Should We Use a Monorepo?
A monorepo refers to a single repository in your version control system that holds all of the code for an entire project. That project could be made up of many services, front and back end code, ETLs, etc.
There are many technical arguments for using a monorepo vs a bunch of smaller repos that are more targeted to that functionality. But, one argument is often left out of the discussion.
The question that needs to be asked is “What is your team and management culture?”
Really? Isn’t this a technical challenge/question?
Yes - and also culture. Let me explain.
Monorepo pro: easier to see all parts of the project and run integration/end-to-end tests
Monorepo con: harder to manage things like code conflicts and the sheer size of impact of making changes like code style updates.
Mini repos pro: Teams can be more focused, potentially move faster at code improvements and breaking changes because the surface area is smaller.
Mini repos con: Requires more integration between teams at the human level.

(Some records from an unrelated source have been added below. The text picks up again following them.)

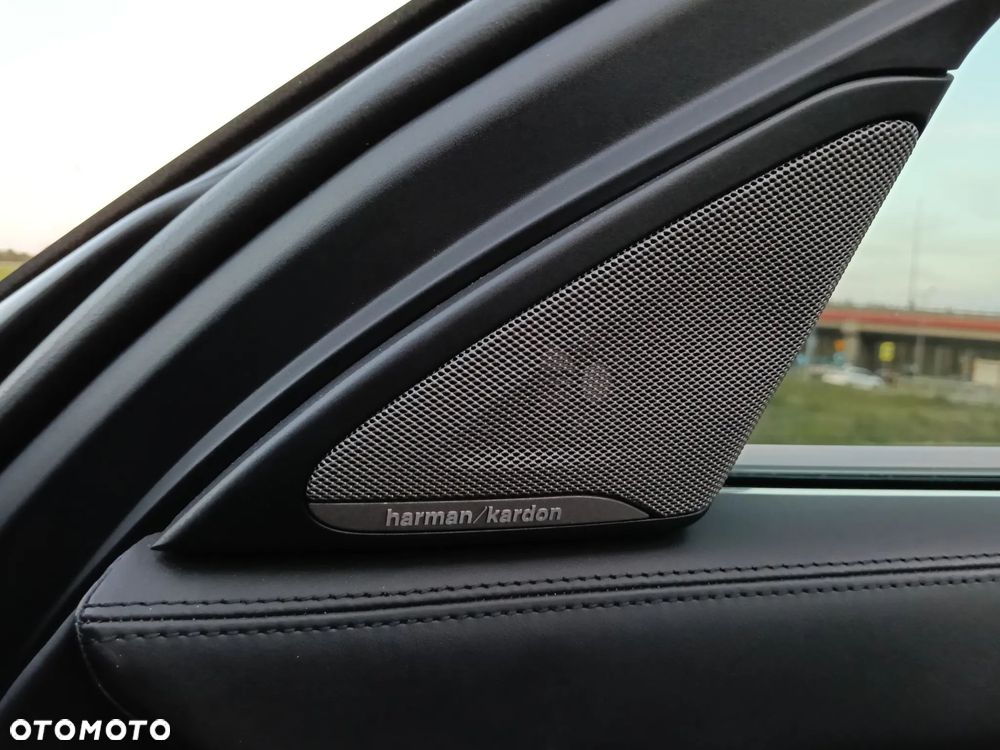 BMW Seria 7 - 28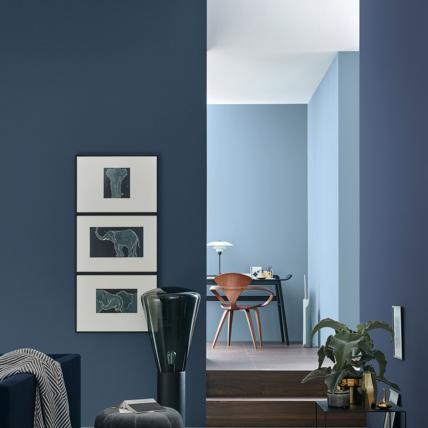 blaue-wandfarbe-wohnzimmer-60_14 Kék fal színes nappali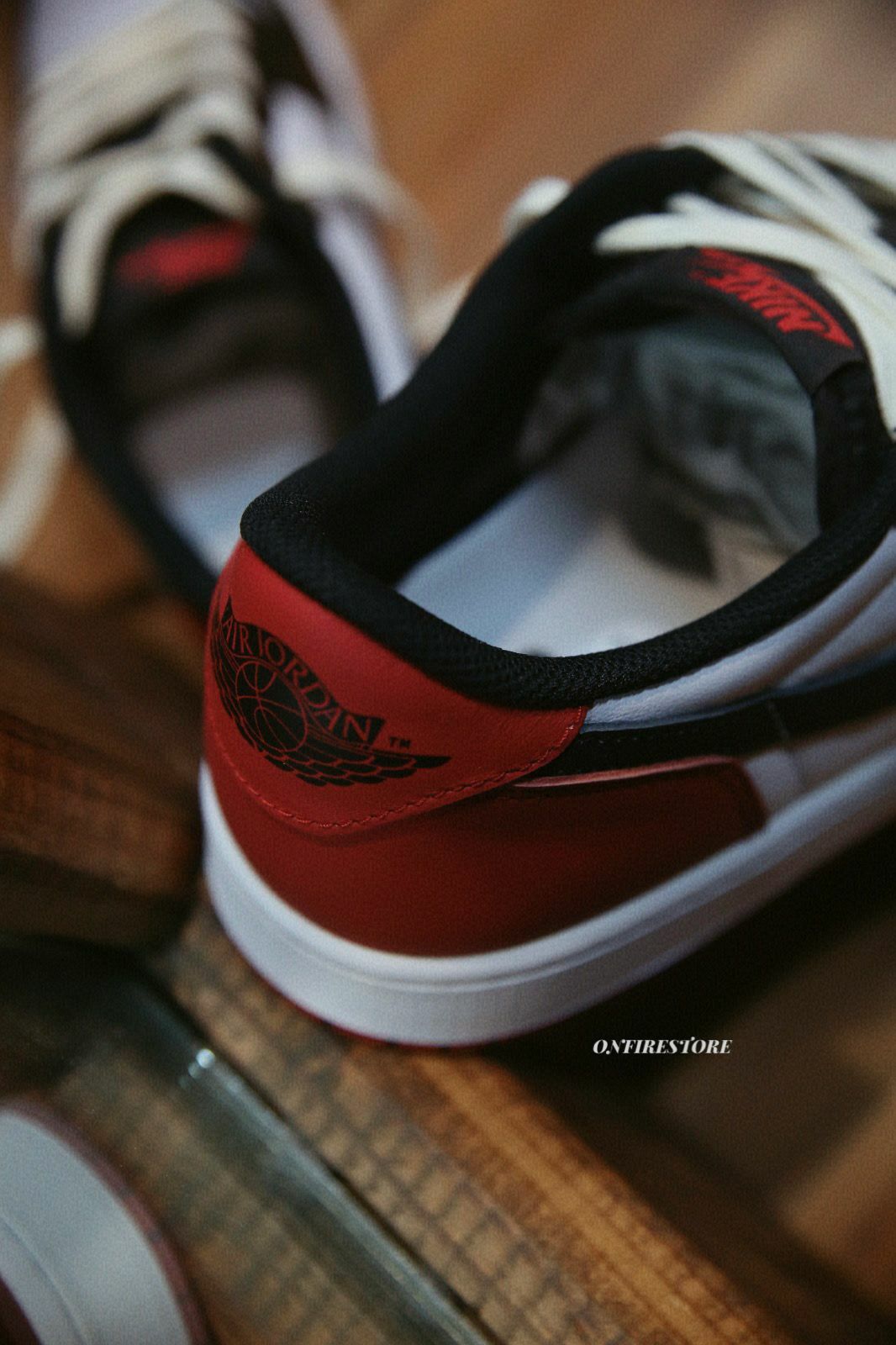 {現貨} Nike Air Jordan 1 Retro Low OG Black Toe CZ0790-106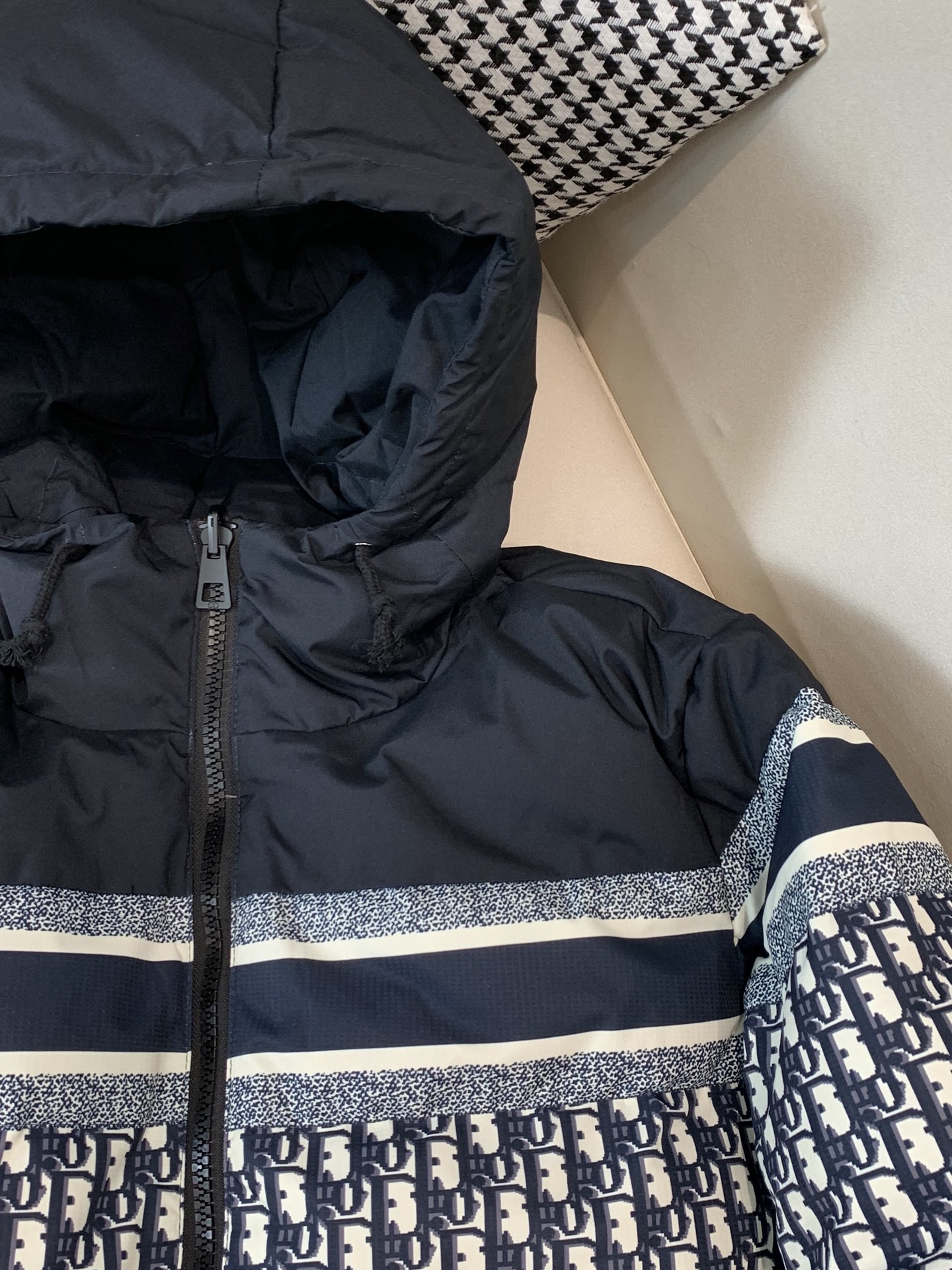 。迪家男士羽绒双面外套 秋冬新款，秋末初冬季节必不可少的单品，内里90%白鸭绒，客供进口提花面料，手感一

You have to manage deploys - either that or write very defensive code that works in all situations.
There are surely many more pros and cons - but this is just to demonstrate my point that the company size, management and culture need to be taken into account.
Do you have a large team or a small team? That is to say, can you easily name all the programmers first and last name that work on this project. If yes, that’s probably a small team. If not, it’s probably a large one.

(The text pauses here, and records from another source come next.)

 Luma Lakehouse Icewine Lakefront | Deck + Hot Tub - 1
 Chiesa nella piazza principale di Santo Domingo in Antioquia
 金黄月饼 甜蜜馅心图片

Does your company leadership and culture encourage multiple forms of communication (with authority) throughout the day - or is it more structured asynchronously?

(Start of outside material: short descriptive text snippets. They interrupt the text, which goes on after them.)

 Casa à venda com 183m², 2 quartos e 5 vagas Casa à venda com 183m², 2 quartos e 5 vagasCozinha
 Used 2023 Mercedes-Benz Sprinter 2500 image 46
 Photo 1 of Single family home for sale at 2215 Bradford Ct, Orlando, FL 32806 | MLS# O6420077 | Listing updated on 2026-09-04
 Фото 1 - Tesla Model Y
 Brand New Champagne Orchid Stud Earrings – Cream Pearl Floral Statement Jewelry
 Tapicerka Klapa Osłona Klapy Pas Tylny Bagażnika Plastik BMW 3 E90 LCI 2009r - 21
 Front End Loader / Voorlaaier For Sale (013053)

Do you have more team members who are newer to programming or have less experience managing multiple dependencies and projects?
Do you see the trend?
Yes there are definitely technical reasons why you might pick one versus the other. But do not forget about the makeup of this particular team and the company. Introduce this into your consideration. How ‘hard’ will it be to do the ‘right’ thing technically - whatever that might be - compared to the other thing.